Filhos de jornalista morto recebem milhares do regime saudita como “compensação”
Pagamentos e oferta de casas milionárias a dois filhos e duas filhas de Jamal Khashoggi fazem parte do esforço do regime para conter a indignação pelo assassínio do jornalista.
Os filhos do jornalista Jamal Khashoggi, assassinado no consulado saudita em Istambul em Outubro do ano passado e cujo corpo não foi ainda encontrado, estão a receber pagamentos avultados “de cinco dígitos” e ainda casas milionárias como “compensação” pela morte do pai às mãos de agentes sauditas.
O regime de Riad apresenta o caso como uma operação especial que correu mal, levada a cabo sem o conhecimento do príncipe herdeiro, Mohammed bin Salman, mais conhecido como “MBS”. Várias agências de informação como a americana CIA apontam uma cadeia de comando até “MBS”.
O regime acusou 11 pessoas pela morte de Khashoggi num processo criticado por associações de defesa de direitos humanos. Cinco dos acusados podem enfrentar a pena de morte.
A notícia dos pagamentos é dada pelo diário norte-americano The Washington Post, no qual Khashoggi era colunista e no qual as suas críticas ao regime saudita estavam a causar desconforto no regime. Khashoggi não era, no entanto, um dissidente: sempre se apresentou como alguém que queria apenas melhorar o governo do país, mas decidiu viver fora da Arábia Saudita por discordar do regime em algumas áreas.
Até agora, os filhos de Khashoggi não têm falado publicamente muito sobre o caso, fazendo apenas em Novembro um apelo para que fosse descoberto o corpo do pai.

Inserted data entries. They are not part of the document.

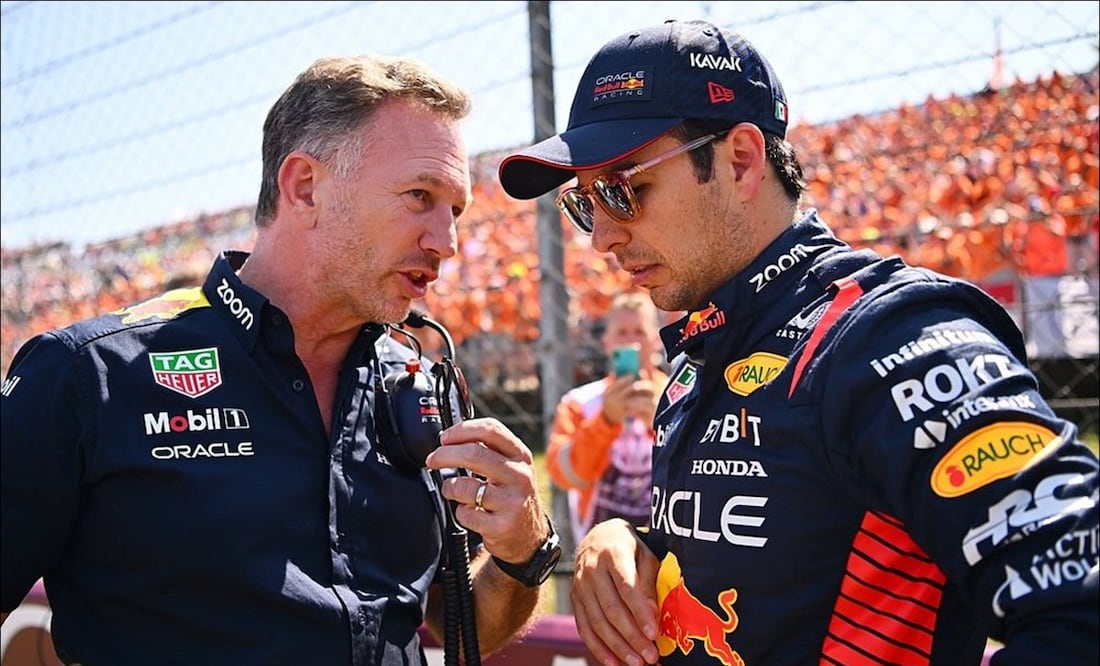 Christian Horner y Sergio Pérez, previo a una carrera de la F1. FOTO: @RedBullRacing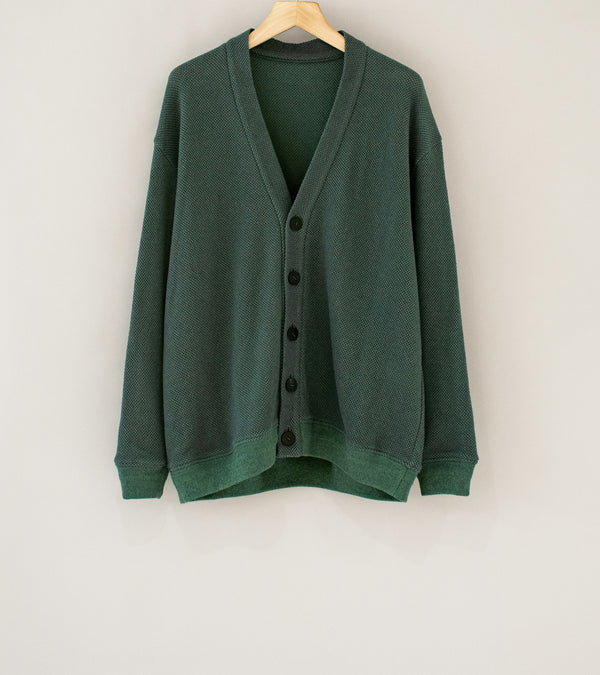 Cale 'Silk Cotton Pique Cardigan' (Green)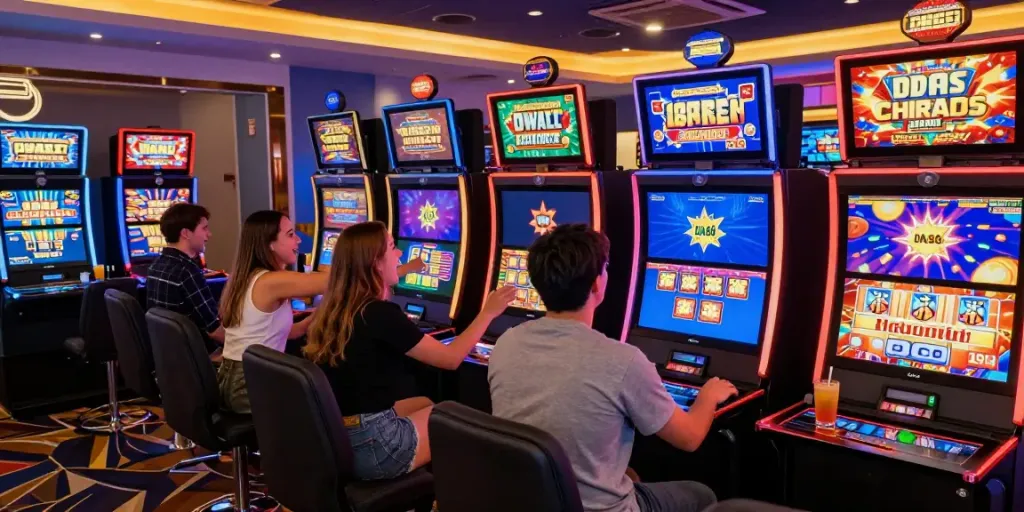 Exciting gaming scene at DA88 showcasing friends enjoying colorful slot machines and casino promotions.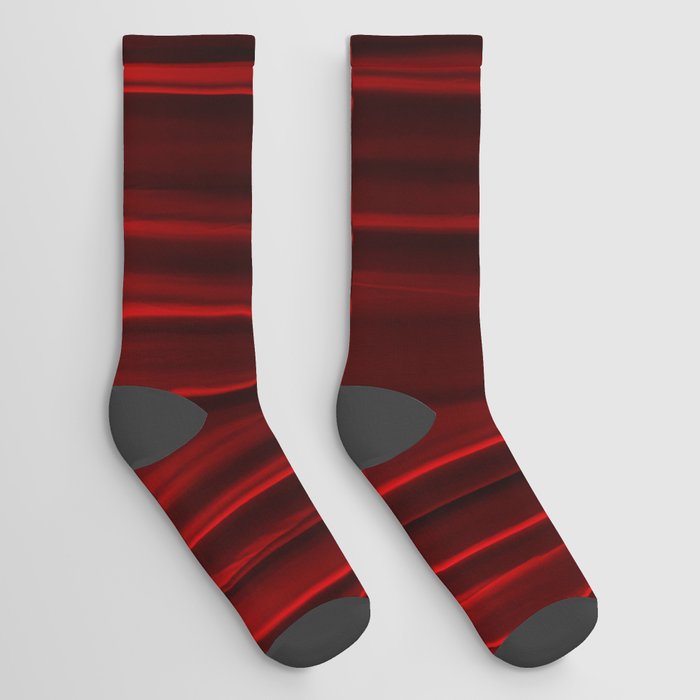 Theater red curtain and neon lamp around border Socks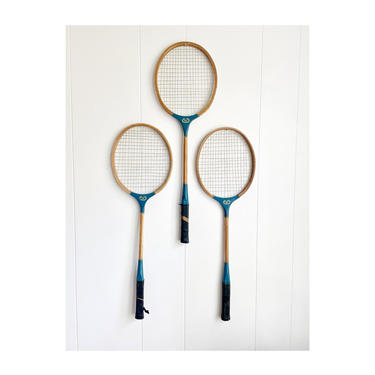 Set of 3- Vintage Blue Badminton Rackets, Pro Sports Logo, Wall Decor Sports Bar Game Room 
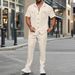 Men's Clothing Summer Solid Color Button Pocket Shirt Short Sleeve Pants Two Piece Set_voghion.com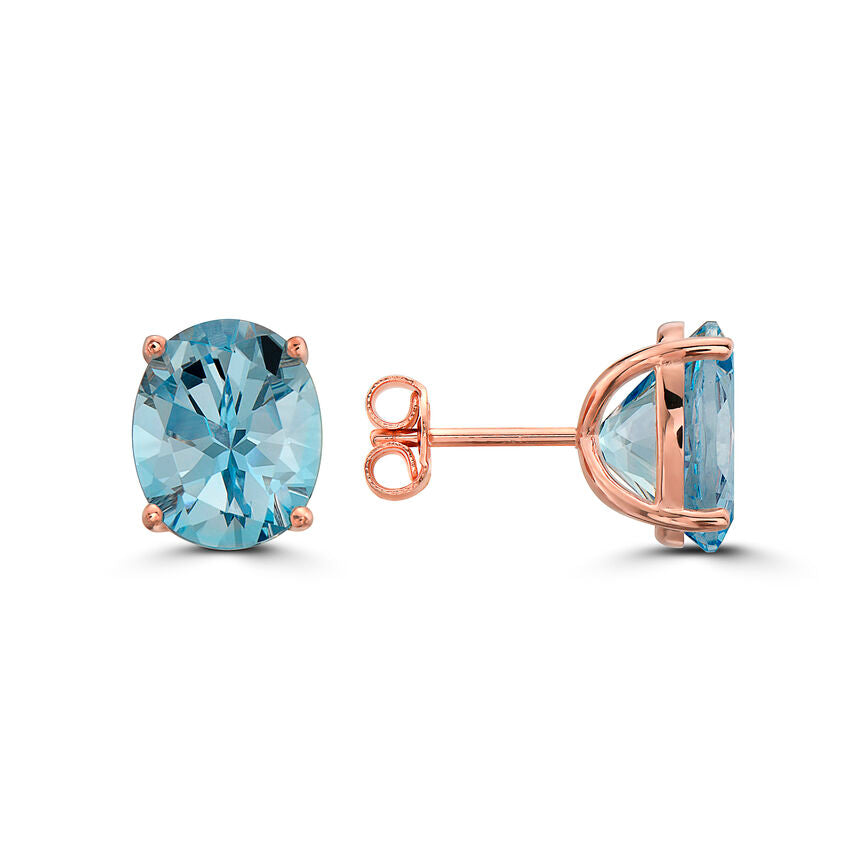 7 7/8 cts Blue Topaz Earrings in Sterling Silver Plated Rose Gold by Le Vian - BirthStone.com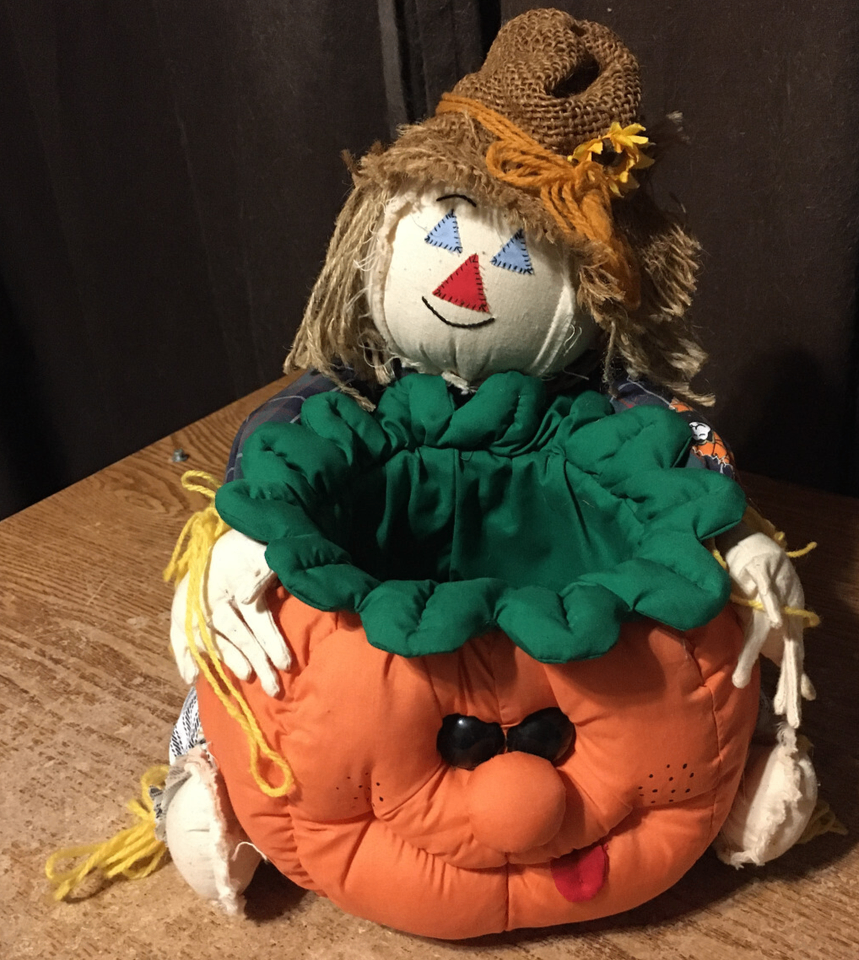 JOELSON PUMPKIN SCARECROW HALLOWEEN CANDY BOWL & PUMPKIN BASKET - photo 2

O silêncio dos filhos tem contrastado com a indignação geral provocada pela morte do jornalista e até com a reacção da noiva, Hatice Cengiz, que esperou 11 horas à porta do consulado pelo regresso de Khashoggi – o jornalista tinha ido buscar uma certidão para permitir o casamento. Cengiz publicou recentemente um livro sobre o jornalista.
O pagamento do regime, diz o Post, servirá para assegurar que os filhos continuam a manter-se discretos.
Segundo o Post, cada irmão tem recebido pagamentos mensais de “10 mil dólares ou mais”, porque, segundo um responsável, “foi feita uma grande injustiça” e esta é uma tentativa de a diminuir. Cada casa entregue a cada irmão valerá até 4 milhões de dólares – estão num complexo em que Salah Khashoggi, o irmão mais velho, viverá, ocupando a principal. Os outros irmãos vivem nos EUA e deverão vender as casas.
Um responsável saudita disse que os pagamentos eram feitos de acordo com uma prática antiga do país de dar apoio financeiro a vítimas de crimes violentos ou de desastres naturais.
Em Outubro, mais de duas semanas após o desaparecimento, o regime divulgou uma imagem da família real a receber um dos filhos de Khashoggi. Foi pouco depois de as autoridades sauditas mudarem a sua versão de que o jornalista tinha saído do consulado pelo seu próprio pé, falando de uma morte “numa luta” com agentes que o queriam levar de volta para a Arábia Saudita, e no mesmo dia o Presidente turco acusava o regime saudita do crime, que teria sido premeditado.
A imagem pretendia mostrar como o filho não culparia o regime, mas não correu como esperado: o regime foi criticado por ser insensível e obrigar o filho de Khashoggi a esse encontro quando tanta incerteza pairava sobre a morte do pai.
Uma equipa de investigação das Nações Unidas, em que participa o forense português Duarte Nuno Vieira, diz que houve premeditação e que a única dúvida é se o homicídio era o plano original ou o “plano B”, caso não fosse possível convencer Khashoggi a regressar à Arábia Saudita. A ONU diz também que houve uma série de tentativas de destruir provas no consulado saudita.